Dan do you want to split the load?

@jayunit100
Copy link
Member

cc @knabben

@danwinship
Copy link
Contributor Author

is not only session affinity, is everything

it's not everything...

hmm, it seem I was wrong about that.
The rules are there but the service is not jumping to them

Yes, because it writes out the chains before it figures out whether it's going to need to use the terminating endpoints. I have a fix for that coming later.

+                       if ep.IsReady() {
+                               epReady++

That's still not right, because it's not taking ProxyTerminatingEndpoints into account.

In fact, endpoints.go can't figure out on its own which endpoints are actually being used, because it doesn't know whether the service is externalTrafficPolicy: Local or not...

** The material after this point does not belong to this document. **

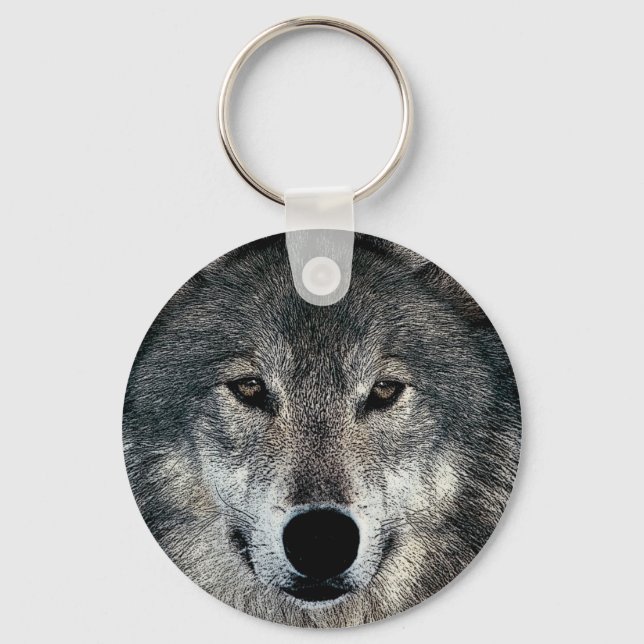 Porte-clés Porte - clés du loup gris (Recto)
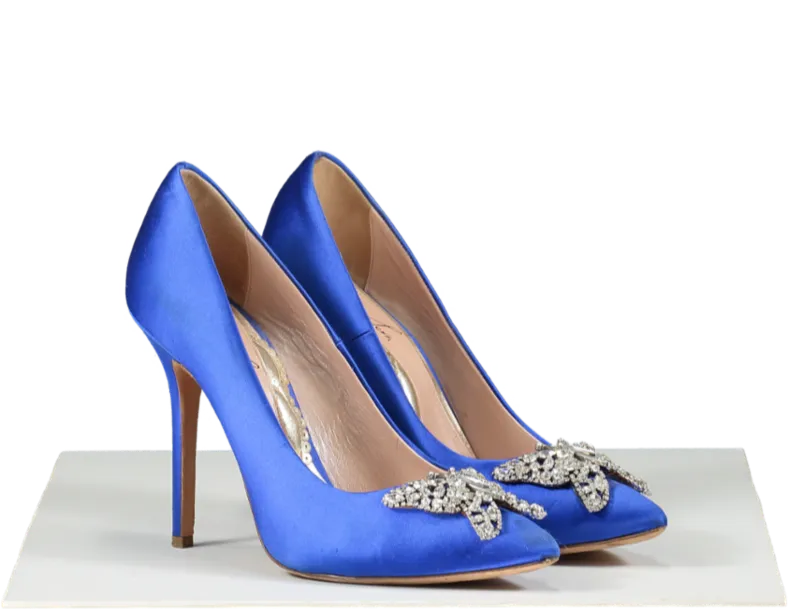 Aruna Seth Blue Satin Embellished Stilettos UK 7 EU 40 👠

Dan do you want to split the load?

I'm in the middle of refactoring the iptables syncProxyRules to fix internalTrafficPolicy (#100313). I need to think about how to rearrange stuff to get some of the fixes in without refactoring first so it will be backportable.

@danwinship
Copy link
Contributor Author

/hold
may not make sense to merge this if other closely-related fixes are coming imminently...

@k8s-ci-robot k8s-ci-robot added the do-not-merge/hold Indicates that a PR should not merge because someone has issued a /hold command. label Nov 1, 2021
@danwinship
Copy link
Contributor Author

danwinship commented Nov 1, 2021

In fact, endpoints.go can't figure out on its own which endpoints are actually being used, because it doesn't know whether the service is externalTrafficPolicy: Local or not...

And TopologyAwareHints screws this up as well. To compute the list of stale endpoints, you need information from both the EndpointSlices and the Services.

Except it's even worse than that, because we can now have different stale endpoints for internal and external connections:

  • UDP Service X has externalTrafficPolicy: Local and (implicitly) internalTrafficPolicy: Cluster. It has both internal and external clients. ProxyTerminatingEndpoints is enabled.
  • The sole endpoint for the service on Node Y gets deleted and its EndpointSlice becomes Ready: false, Serving: true, Terminating: true. It thus stops being a valid endpoint for internal (Cluster policy) traffic from Node Y, but does not stop being a valid endpoint for external (Local policy) traffic that reaches Node Y.
  • At this point Node Y needs to delete conntrack entries from internal sources to the cluster IP or LB IP, but needs to not delete conntrack entries from external sources to the LB IP.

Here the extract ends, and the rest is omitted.